In the absence of a product that specifically addresses government pricing, many companies have gotten by with Excel spreadsheets or with home-grown software. "That's what we did in order to get to where we are today," says Eric Bloom, vice president of information technologies at Endo Pharmaceuticals. "But it's very expensive and very time consuming and makes updates and modifications in our application much more cumbersome than if you just actually have a system that's designed to work well together." For Endo, the home-grown solution, made by SAP, has become increasingly unattractive because of two factors. First, Endo's business has grown rapidly, increasing the complexity of tracking pricing data. And second, SAP's recent upgrades to its products have increased the difficulty—and cost—of updates.
Those are important considerations in adopting improved, comprehensive compliance technologies, but there are others. For example, though it was intended primarily to assist in Medicare/Medicaid issues, Model N's product can also contribute to Sarbanes-Oxley compliance: "It allows companies to get their arms around the revenue lifecycle, which extends beyond the government regulatory application to managing pricing contracts, rebates, and charge-backs and looking at a reproducible, auditable record of what has been done in terms of managing their overall revenue," Zocchi says.
In the long run, though, once compliance has been achieved, the ability to analyze government pricing in depth will become a valuable business capability. "These resources can be used much more productively in terms of looking at the implications of government business and of policies that I apply," Zocchi says. "What will the impact be to my business if I increase my government business? Or what's going to happen when Medicare comes along? The technology becomes a tool that can be much more productive in managing the businesses going forward."

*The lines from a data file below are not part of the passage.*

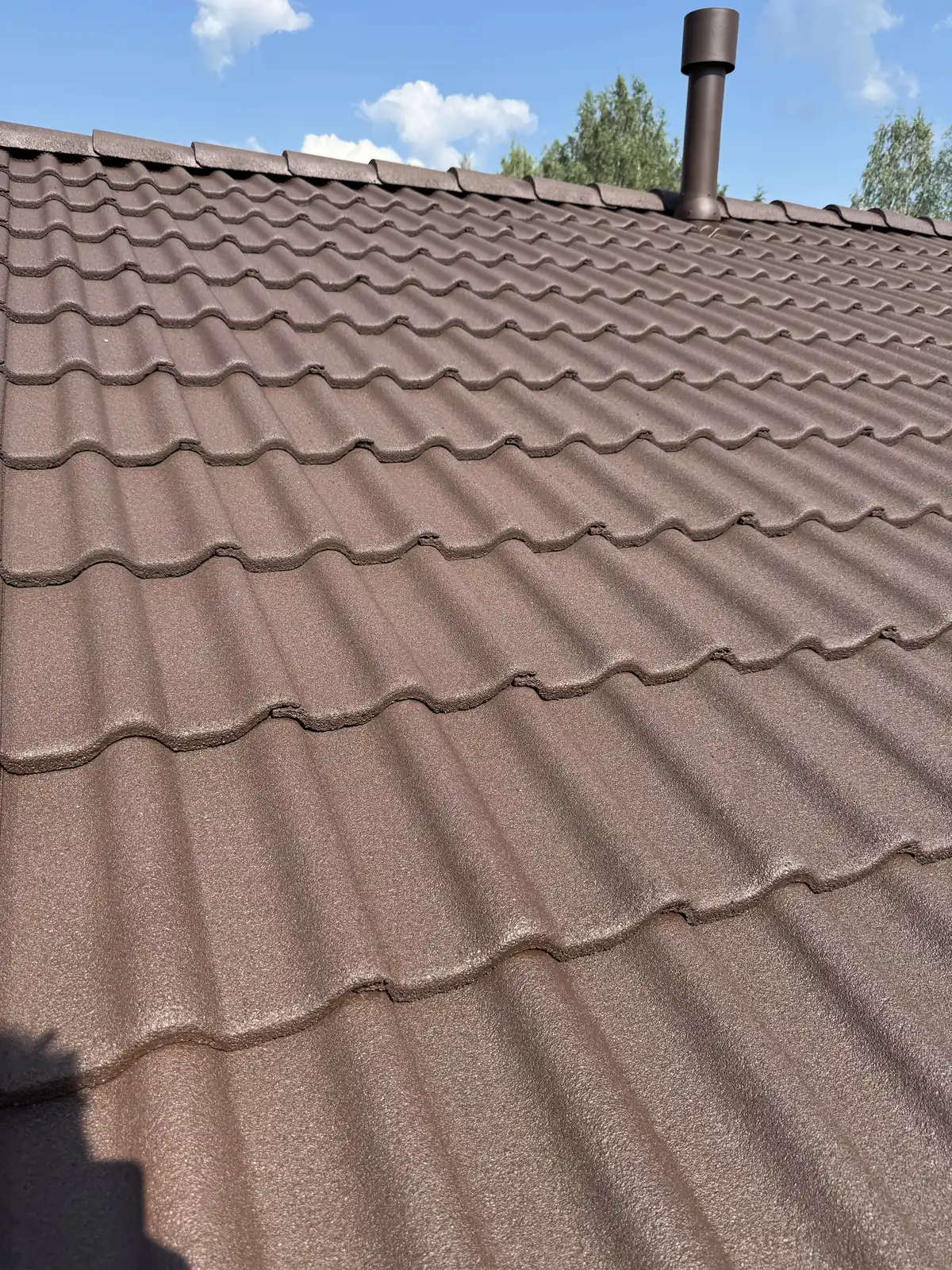Pinnoitettu tiilikatto läheltä Valkeakoskella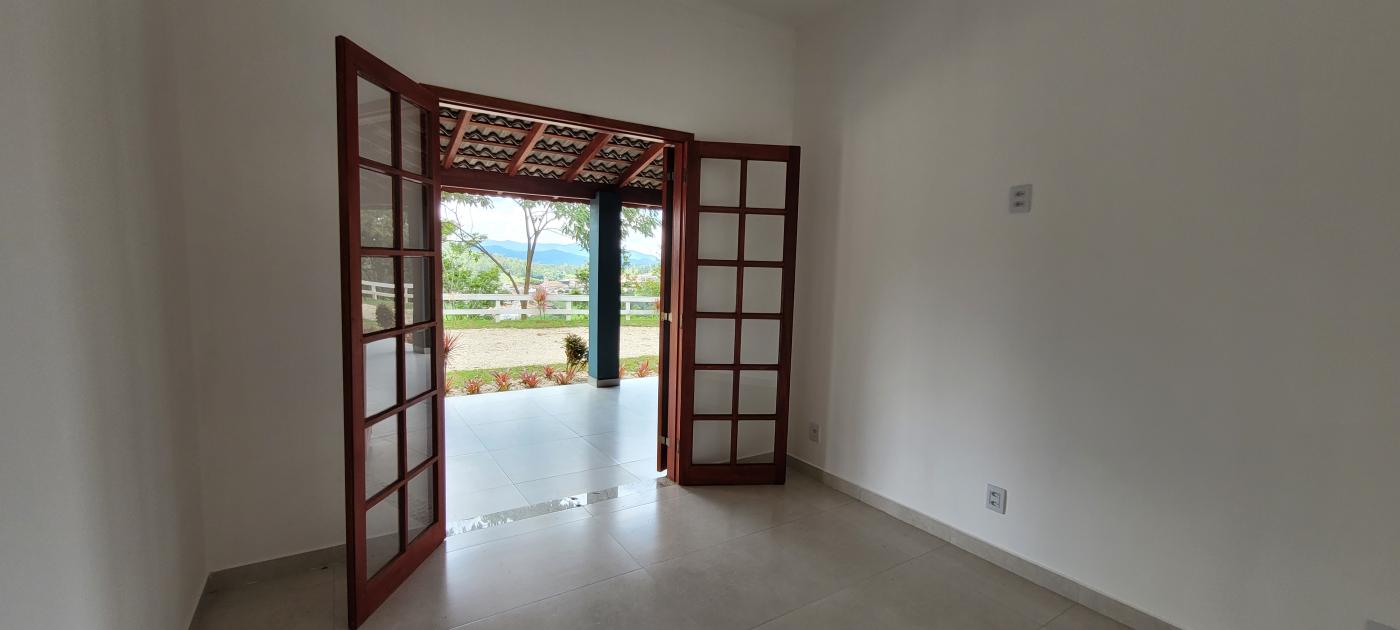 Fazenda à venda com 3 quartos, 10124m² - Foto 16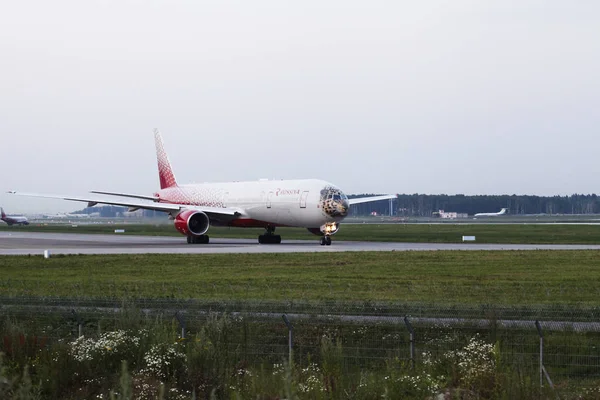 Bir yolcu uçağı iniş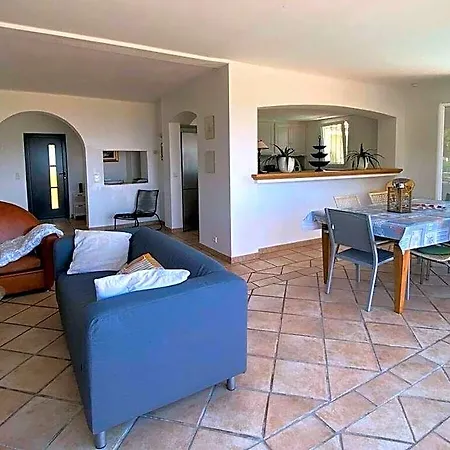 מלון La Quinta Comfortable 3*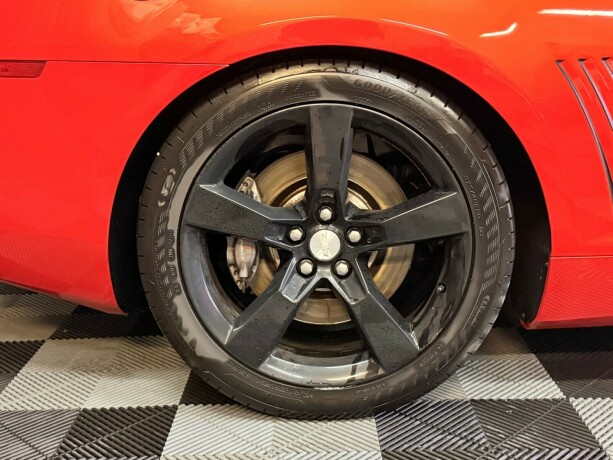 chevrolet-camaro-bensin-2010-big-5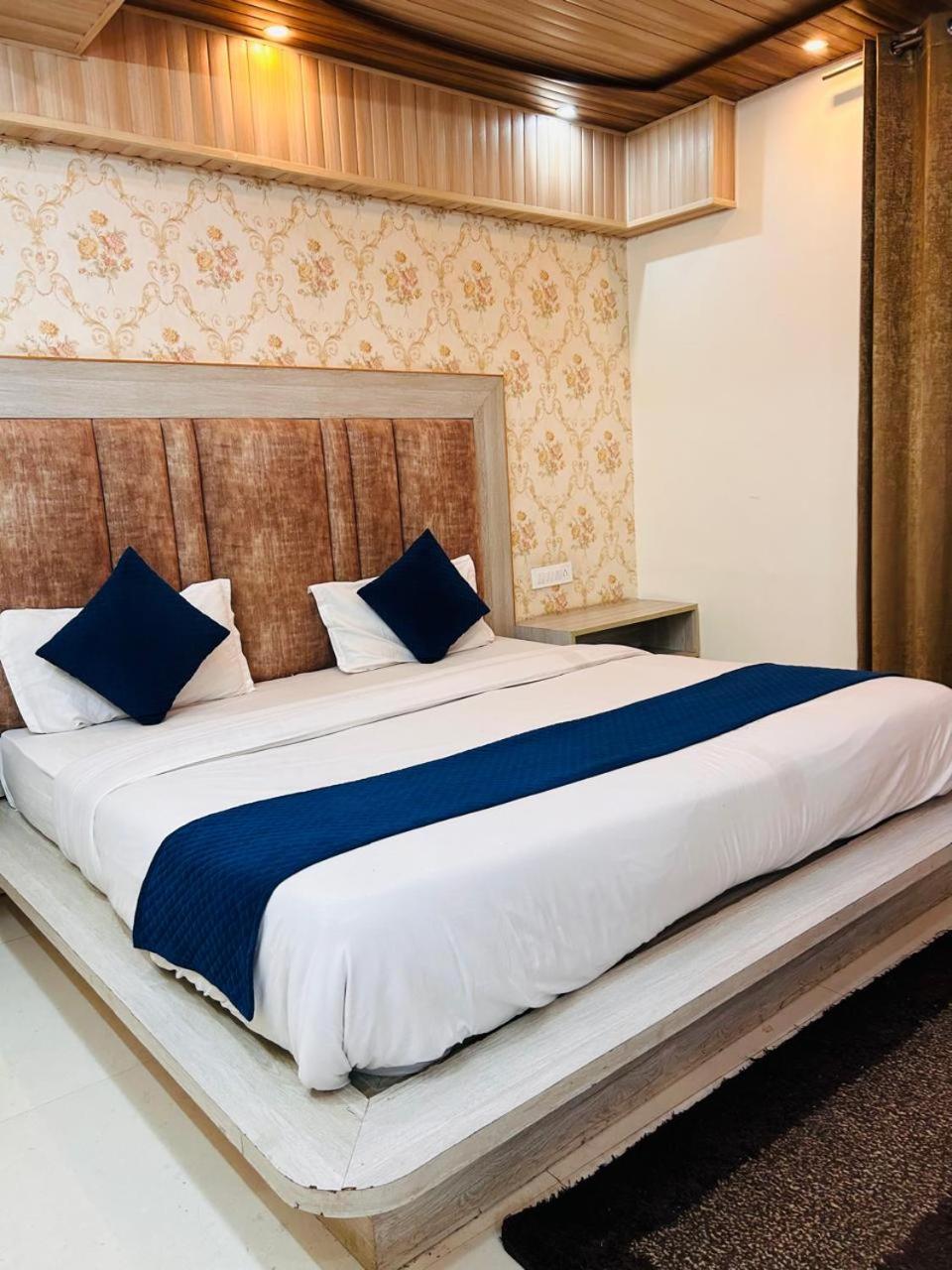 Yog Maya Regency B&B Shimla Eksteriør billede
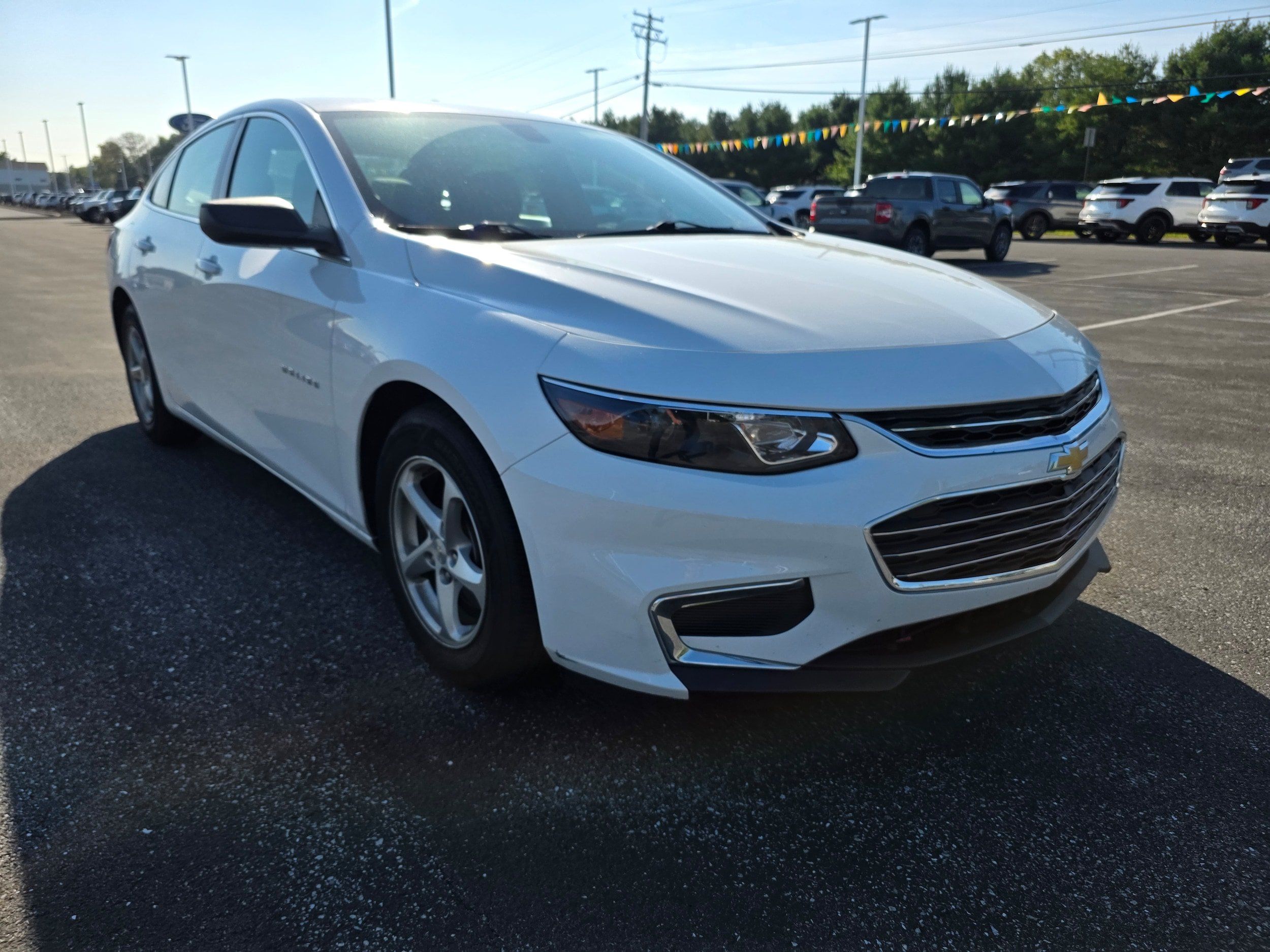 Used 2018 Chevrolet Malibu LS FWD image 7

Companies still have a long way to go in adapting technology, says Life Science Insights' Hanover. "I still see companies where everything is done on paper in files, with handwritten signatures. There's a lot more work to be done. I hear estimates from CIOs that as high as 20 percent of their budgets go for compliance—so there's a lot of opportunity for cost savings. But you have to apply sensible business practices to it. There are lots of ways to interpret some of the guidelines, and in some cases, companies have almost gone too far."
Most companies have already had the experience of adopting ERP systems—big implementation projects that in the long run were worth the effort. "In the end, when they were working well, they really did produce some value, and save a lot of effort, and help drive down supply-chain costs," Hanover says. "I think they're going to see the same things from systems that enable compliance, if they give them a chance."